_What the task requires_. In the data below, the copy begins at the line containing "Rinkinys Thorn Fit" and runs through the last line; repeat those lines exactly, minus the pictures.

(Provided data Opens)

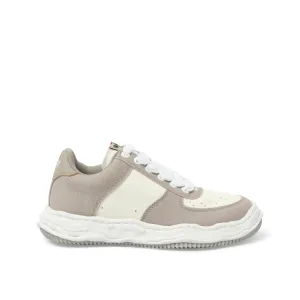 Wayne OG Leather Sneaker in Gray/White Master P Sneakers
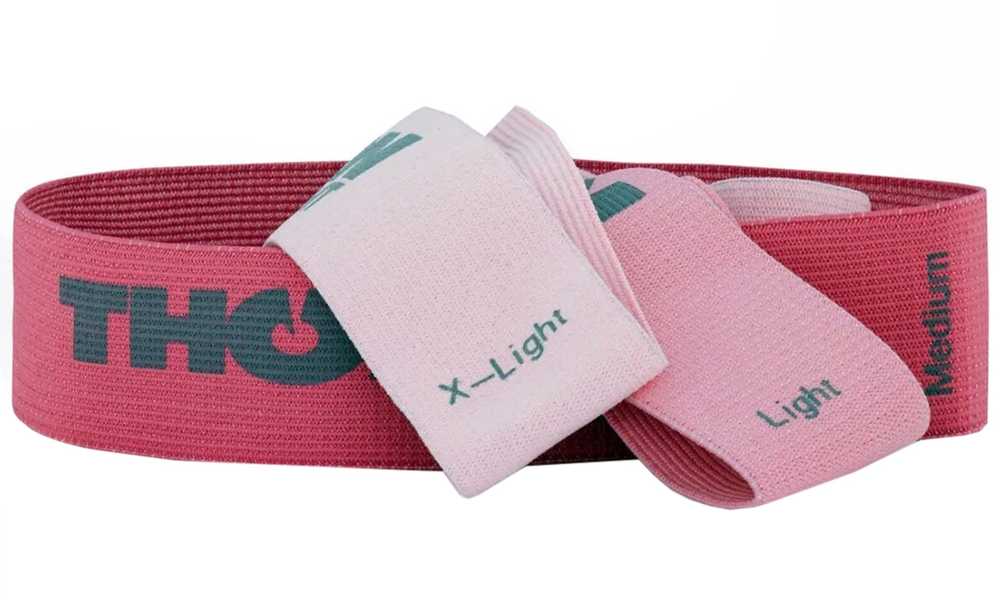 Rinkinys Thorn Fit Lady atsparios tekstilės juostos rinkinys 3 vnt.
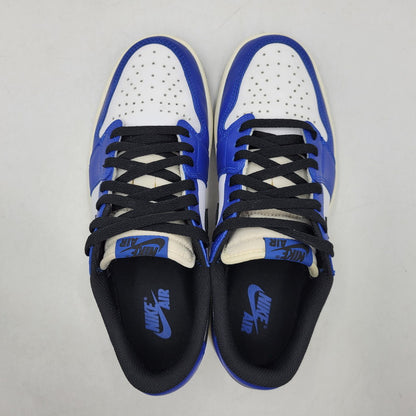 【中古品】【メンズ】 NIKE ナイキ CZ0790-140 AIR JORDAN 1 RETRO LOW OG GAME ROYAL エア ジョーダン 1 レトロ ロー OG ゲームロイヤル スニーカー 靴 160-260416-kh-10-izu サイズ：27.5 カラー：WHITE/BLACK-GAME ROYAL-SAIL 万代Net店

(Provided data Closes)

_Solution to this problem_.
 Rinkinys Thorn Fit Lady atsparios tekstilės juostos rinkinys 3 vnt.
 【中古品】【メンズ】 NIKE ナイキ CZ0790-140 AIR JORDAN 1 RETRO LOW OG GAME ROYAL エア ジョーダン 1 レトロ ロー OG ゲームロイヤル スニーカー 靴 160-260416-kh-10-izu サイズ：27.5 カラー：WHITE/BLACK-GAME ROYAL-SAIL 万代Net店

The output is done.